24 North Street, Pittsfield, Massachusetts
 
01201
(Address of Principal Executive Offices)
 
(Zip Code)

Registrant’s telephone number, including area code:                                                                                     (413) 443-5601

Not Applicable
(Former Name or Former Address, if Changed Since Last Report)

Check the appropriate box below if the Form 8-K filing is intended to simultaneously satisfy the filing obligation of the registrant under any of the following provisions (see General Instruction A.2. below):
 
x
Written communications pursuant to Rule 425 under the Securities Act (17 CFR 230.425)
 
o
Soliciting material pursuant to Rule 14a-12 under the Exchange Act (17 CFR 240.14a-12)

o
Pre-commencement communications pursuant to Rule 14d-2(b) under the Exchange Act (17 CFR 240.14d-2(b))

o
Pre-commencement communications pursuant to Rule 13e-4(c) under the Exchange Act (17 CFR 240.13e-4(c))
 
 
 

 
 
Item 8.01                      Other Events

On February 23, 2011, solely to avoid the costs, risks and uncertainties inherent in litigation and to allow stockholders to vote on the proposals required in connection with the merger at the scheduled meeting, Rome Bancorp, Inc. (“Rome Bancorp”) entered into a  memorandum of understanding with plaintiffs’ counsel and other named defendants regarding the settlement of two putative class action lawsuits filed in the Supreme Court of the State of New York, County of the Bronx and the Supreme Court of the State of New York, County of Oneida on behalf of Rome Bancorp’s stockholders following the public announcement of the execution of the Agreement and Plan of Merger, dated October 12, 2010 by and among Berkshire Hills Bancorp, Inc. (“Berkshire Hills”) and Rome Bancorp (the “Merger Agreement”).

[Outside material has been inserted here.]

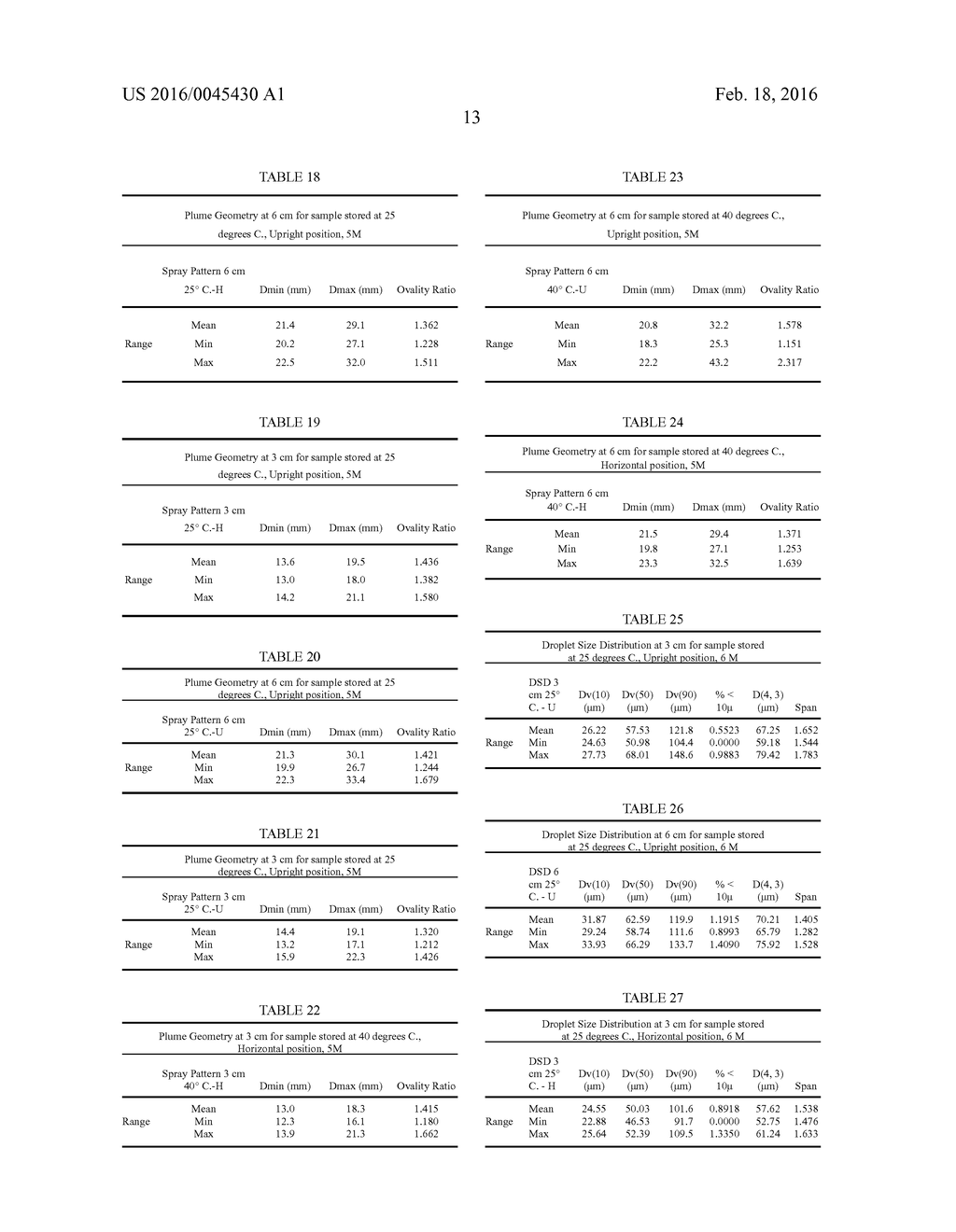 SUBLINGUAL BUPRENORPHINE SPRAY - diagram, schematic, and image 14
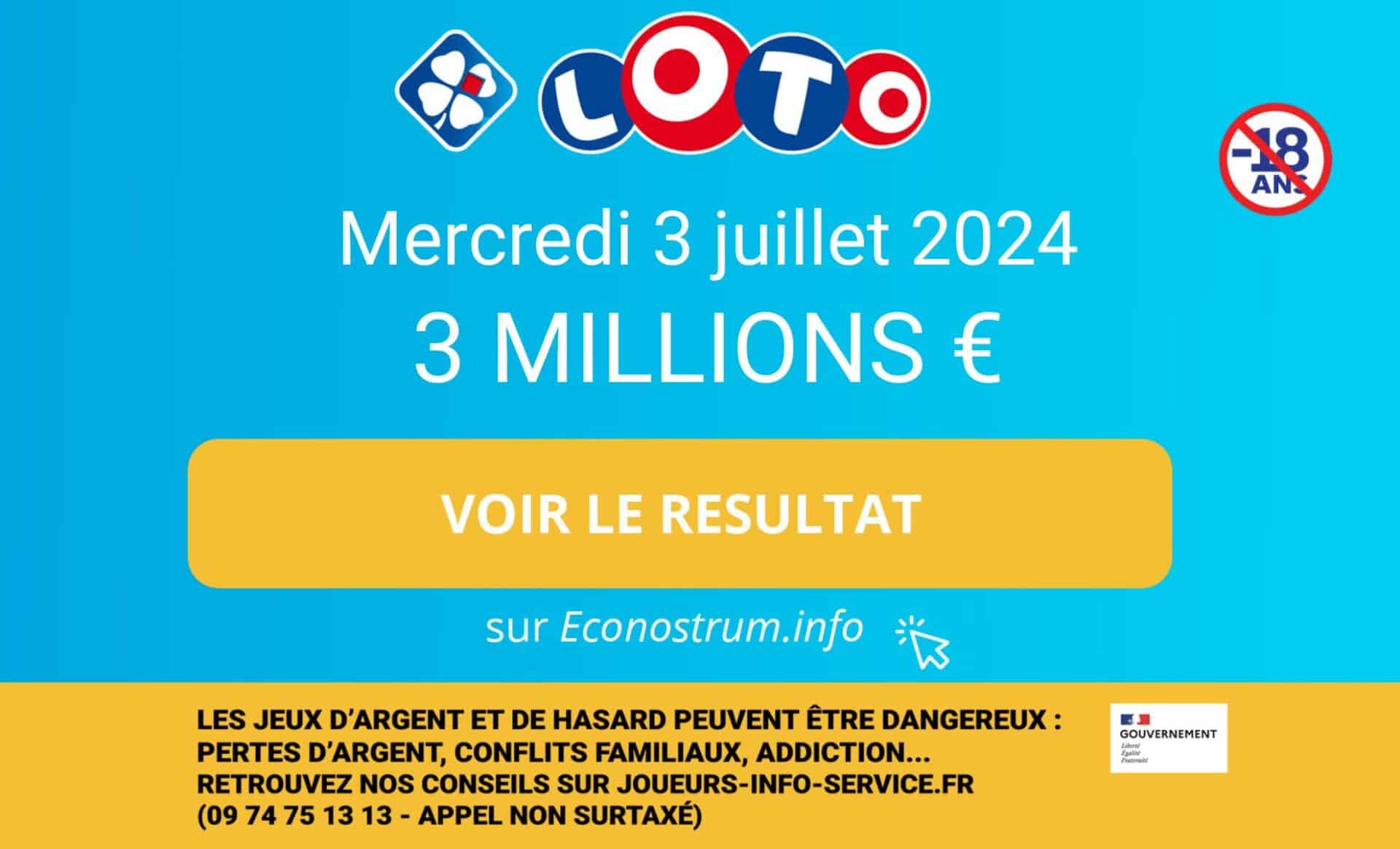 Résultats Loto Fdj Mercredi 29 Mai 2024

As described in greater detail in the definitive proxy statement/prospectus filed with the Securities and Exchange Commission (the “SEC”) on February 2, 2011 (the “Proxy Statement”), on October 18, 2010, Stephen Bushansky filed a stockholder class action lawsuit in the Supreme Court of the State of New York, County of the Bronx, on October 27, 2010, James and Liliana DiCastro filed a stockholder class action lawsuit in the Chancery Court of the State of Delaware, and on November 15, 2010, and Samuel S. Rapasodi filed a stockholder class action lawsuit in the Supreme Court of the State of New York, County of Oneida, each against Rome Bancorp, Berkshire Hills, and the directors of Rome Bancorp.  The lawsuit filed in Delaware was subsequently withdrawn voluntarily.  The active lawsuits purport to be brought on behalf of all of Rome Bancorp's  public stockholders and allege that the directors of Rome Bancorp breached their fiduciary duties to Rome Bancorp's stockholders by failing to take steps necessary to obtain a fair and adequate price for Rome Bancorp's common stock and that Berkshire Hills knowingly aided and abetted Rome Bancorp directors' breach of fiduciary duty.  The lawsuits seek to enjoin the proposed merger from proceeding and seek unspecified compensatory and/or rescissory damages on behalf of Rome Bancorp's stockholders. On December 7 and December 20, 2010, plaintiffs in the Rapasodi and Bushansky actions filed amended complaints repeating their claims regarding the adequacy of the merger price and adding allegations that the disclosures to be provided to Rome Bancorp's stockholders, as set forth in the preliminary S-4 Registration Statement filed with the SEC on November 23, 2010, fail to provide required material information necessary for Rome Bancorp's stockholders to make a fully informed decision concerning the merger. 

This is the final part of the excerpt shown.